Posted by James O'Rourke on November 11, 2008

By Michael T. Klare, Tomdispatch.com. Posted November 10, 2008.
Of all the challenges facing President Obama, none is likely to prove as daunting, or important to the

future of this nation, as that of energy.

Of all the challenges facing President Barack Obama next January, none is likely to prove as daunting, or important to the future of this nation, as that of energy. After all, energy policy — so totally mishandled by the outgoing Bush-Cheney administration — figures in each of the other major challenges facing the new president, including the economy, the environment, foreign policy, and our Middle Eastern wars. Most of all, it will prove a monumental challenge because the United States faces an energy crisis of unprecedented magnitude that is getting worse by the day.
The U.S. needs energy — lots of it.
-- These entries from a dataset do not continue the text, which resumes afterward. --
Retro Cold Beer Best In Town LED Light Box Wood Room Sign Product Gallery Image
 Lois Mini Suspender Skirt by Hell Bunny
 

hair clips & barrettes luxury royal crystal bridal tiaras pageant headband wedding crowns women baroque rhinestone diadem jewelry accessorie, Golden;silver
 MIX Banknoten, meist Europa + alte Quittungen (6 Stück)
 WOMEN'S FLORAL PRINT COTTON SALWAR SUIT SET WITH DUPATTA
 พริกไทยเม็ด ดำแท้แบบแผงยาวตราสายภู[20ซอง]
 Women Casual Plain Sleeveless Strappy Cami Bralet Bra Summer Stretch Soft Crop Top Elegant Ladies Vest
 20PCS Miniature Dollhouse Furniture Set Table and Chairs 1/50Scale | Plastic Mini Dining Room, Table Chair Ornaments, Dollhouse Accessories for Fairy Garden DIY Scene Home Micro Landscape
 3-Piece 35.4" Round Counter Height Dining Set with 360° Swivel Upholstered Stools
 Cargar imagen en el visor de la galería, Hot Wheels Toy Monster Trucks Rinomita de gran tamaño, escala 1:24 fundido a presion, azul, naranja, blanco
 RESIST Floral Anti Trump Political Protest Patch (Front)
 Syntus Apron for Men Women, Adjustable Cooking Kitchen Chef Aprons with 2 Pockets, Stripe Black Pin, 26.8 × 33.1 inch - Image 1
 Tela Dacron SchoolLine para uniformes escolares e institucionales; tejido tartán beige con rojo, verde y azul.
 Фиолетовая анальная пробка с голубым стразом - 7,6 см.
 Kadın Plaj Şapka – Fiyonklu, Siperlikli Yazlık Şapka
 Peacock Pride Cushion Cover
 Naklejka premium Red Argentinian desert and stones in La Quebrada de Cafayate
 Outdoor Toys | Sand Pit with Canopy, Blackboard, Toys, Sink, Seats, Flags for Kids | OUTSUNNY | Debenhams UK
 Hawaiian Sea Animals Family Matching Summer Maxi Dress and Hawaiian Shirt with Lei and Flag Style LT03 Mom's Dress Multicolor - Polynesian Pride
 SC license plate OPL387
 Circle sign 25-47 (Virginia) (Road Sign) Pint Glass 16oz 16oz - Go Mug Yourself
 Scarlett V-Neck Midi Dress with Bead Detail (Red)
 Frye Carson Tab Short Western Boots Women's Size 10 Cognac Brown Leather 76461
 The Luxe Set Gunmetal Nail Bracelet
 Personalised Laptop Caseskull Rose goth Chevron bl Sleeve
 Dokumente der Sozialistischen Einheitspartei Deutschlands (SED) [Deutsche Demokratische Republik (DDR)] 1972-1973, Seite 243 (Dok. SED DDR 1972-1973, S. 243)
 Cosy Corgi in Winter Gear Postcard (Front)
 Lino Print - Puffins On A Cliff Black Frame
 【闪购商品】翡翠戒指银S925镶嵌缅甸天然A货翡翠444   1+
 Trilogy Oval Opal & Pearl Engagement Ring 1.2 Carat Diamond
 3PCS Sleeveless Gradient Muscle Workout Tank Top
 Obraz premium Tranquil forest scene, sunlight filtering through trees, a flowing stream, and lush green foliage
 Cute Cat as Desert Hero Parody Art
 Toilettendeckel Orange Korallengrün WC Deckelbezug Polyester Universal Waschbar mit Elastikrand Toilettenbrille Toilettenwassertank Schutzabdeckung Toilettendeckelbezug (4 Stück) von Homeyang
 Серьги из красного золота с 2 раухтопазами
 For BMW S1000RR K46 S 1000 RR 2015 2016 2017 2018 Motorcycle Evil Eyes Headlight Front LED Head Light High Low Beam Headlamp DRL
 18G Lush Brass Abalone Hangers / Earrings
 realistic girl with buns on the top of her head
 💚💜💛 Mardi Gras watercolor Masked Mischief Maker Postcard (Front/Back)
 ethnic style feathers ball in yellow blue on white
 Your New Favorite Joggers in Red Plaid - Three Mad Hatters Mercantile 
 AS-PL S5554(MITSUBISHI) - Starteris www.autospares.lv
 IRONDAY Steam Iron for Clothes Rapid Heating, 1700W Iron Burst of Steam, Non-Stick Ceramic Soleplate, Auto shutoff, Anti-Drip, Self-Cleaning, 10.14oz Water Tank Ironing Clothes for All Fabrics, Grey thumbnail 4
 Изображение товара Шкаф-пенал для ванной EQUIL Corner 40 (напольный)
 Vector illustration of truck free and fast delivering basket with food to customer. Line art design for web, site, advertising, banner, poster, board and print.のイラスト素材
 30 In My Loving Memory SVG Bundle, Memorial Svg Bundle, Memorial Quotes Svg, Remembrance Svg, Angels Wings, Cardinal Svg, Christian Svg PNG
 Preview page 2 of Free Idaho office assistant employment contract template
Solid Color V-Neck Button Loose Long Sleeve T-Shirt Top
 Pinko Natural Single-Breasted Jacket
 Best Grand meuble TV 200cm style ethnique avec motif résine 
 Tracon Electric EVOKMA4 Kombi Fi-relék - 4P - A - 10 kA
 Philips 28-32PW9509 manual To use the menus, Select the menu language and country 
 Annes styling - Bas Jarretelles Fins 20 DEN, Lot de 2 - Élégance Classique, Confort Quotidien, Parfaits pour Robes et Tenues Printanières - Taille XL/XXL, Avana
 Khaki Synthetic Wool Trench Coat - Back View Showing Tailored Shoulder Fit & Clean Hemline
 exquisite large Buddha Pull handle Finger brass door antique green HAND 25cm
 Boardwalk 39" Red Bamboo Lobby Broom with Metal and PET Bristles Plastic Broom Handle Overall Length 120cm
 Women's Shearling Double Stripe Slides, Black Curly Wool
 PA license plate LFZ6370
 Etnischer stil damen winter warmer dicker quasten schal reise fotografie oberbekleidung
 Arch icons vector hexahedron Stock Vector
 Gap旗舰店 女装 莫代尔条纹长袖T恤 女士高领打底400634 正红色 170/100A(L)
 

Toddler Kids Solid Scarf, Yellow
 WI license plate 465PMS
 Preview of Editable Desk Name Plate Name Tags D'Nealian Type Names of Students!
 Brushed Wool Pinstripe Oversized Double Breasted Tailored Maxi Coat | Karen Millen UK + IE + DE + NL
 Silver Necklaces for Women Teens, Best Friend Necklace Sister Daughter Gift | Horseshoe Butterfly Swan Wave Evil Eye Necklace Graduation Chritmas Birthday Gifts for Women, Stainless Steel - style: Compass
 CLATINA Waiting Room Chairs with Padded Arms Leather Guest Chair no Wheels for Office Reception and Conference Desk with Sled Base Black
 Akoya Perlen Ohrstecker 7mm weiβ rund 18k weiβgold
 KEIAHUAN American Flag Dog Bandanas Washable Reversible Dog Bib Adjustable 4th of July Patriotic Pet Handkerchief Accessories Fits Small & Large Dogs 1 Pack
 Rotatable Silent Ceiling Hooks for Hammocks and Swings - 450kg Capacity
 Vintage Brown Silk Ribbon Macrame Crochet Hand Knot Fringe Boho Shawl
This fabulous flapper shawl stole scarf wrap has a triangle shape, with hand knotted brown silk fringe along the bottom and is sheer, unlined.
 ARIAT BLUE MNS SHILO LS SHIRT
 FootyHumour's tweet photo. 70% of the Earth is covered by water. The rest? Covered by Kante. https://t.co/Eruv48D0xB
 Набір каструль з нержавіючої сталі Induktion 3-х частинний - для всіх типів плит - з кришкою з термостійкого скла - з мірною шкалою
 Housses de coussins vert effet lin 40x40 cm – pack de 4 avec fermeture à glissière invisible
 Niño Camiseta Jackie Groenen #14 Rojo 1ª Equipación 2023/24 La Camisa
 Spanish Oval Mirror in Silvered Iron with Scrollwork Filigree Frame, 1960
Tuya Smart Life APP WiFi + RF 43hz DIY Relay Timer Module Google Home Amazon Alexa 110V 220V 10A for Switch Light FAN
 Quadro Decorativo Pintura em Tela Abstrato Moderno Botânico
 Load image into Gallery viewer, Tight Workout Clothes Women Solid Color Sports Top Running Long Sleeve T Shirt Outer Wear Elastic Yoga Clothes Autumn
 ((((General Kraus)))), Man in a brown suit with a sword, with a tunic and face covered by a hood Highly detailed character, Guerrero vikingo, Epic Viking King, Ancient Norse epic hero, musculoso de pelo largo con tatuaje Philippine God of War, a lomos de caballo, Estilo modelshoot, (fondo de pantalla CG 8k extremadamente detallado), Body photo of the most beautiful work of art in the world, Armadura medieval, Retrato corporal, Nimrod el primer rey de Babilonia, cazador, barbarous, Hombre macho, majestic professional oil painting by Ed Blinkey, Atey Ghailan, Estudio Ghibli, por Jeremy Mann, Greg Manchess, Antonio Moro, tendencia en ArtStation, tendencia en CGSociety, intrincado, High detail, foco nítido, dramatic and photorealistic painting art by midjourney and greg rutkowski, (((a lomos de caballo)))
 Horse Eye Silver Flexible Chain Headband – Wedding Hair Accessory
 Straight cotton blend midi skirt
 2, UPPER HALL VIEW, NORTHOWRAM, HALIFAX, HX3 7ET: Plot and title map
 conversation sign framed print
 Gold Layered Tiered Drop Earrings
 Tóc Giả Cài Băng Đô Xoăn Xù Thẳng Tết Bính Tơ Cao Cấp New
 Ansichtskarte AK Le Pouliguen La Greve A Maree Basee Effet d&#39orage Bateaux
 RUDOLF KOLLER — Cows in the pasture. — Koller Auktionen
Day in and day out, this country, with only 5% of the world’s population, consumes one quarter of the world’s total energy supply. About 40% of our energy comes from oil: some 20 million barrels, or 840 million gallons a day. Another 23% comes from coal, and a like percentage from natural gas. Providing all this energy to American consumers and businesses, even in an economic downturn, remains a Herculean task, and will only grow more so in the years ahead. Addressing the environmental consequences of consuming fossil fuels at such levels, all emitting climate-altering greenhouse gases, only makes this equation more intimidating.
As President Obama faces our energy problem, he will have to address three overarching challenges: Read the rest of this entry »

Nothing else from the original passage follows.